_Task to carry out_
With the exception of the pictures, transcribe the entire listing exactly.

Available data: Begin

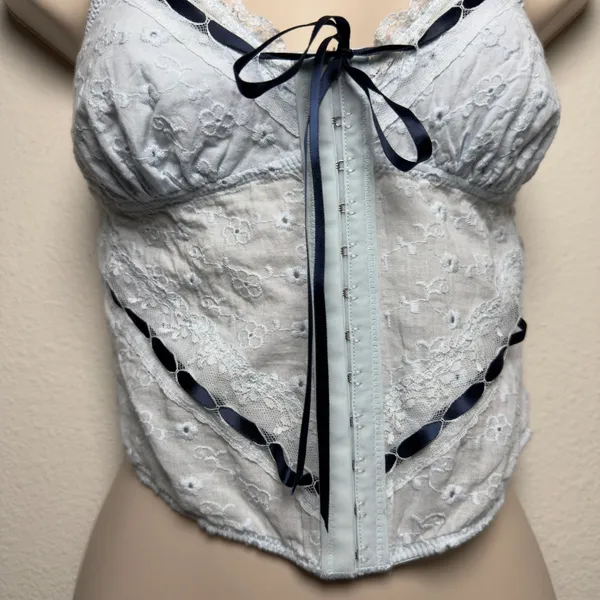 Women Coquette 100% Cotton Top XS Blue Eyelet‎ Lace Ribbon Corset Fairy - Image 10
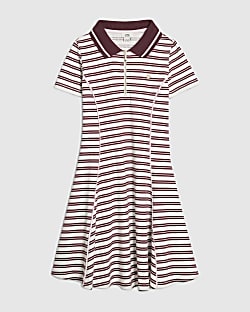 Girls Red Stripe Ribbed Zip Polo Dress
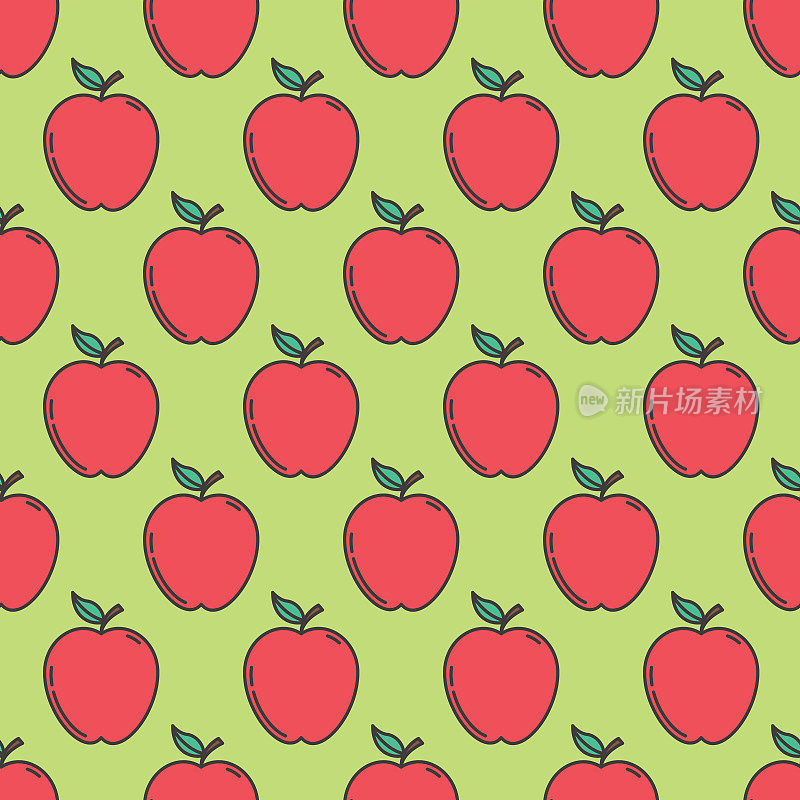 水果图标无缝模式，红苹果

Available data: End

_Output for this exercise_
 Women Coquette 100% Cotton Top XS Blue Eyelet‎ Lace Ribbon Corset Fairy - Image 10
 Girls Red Stripe Ribbed Zip Polo Dress
 水果图标无缝模式，红苹果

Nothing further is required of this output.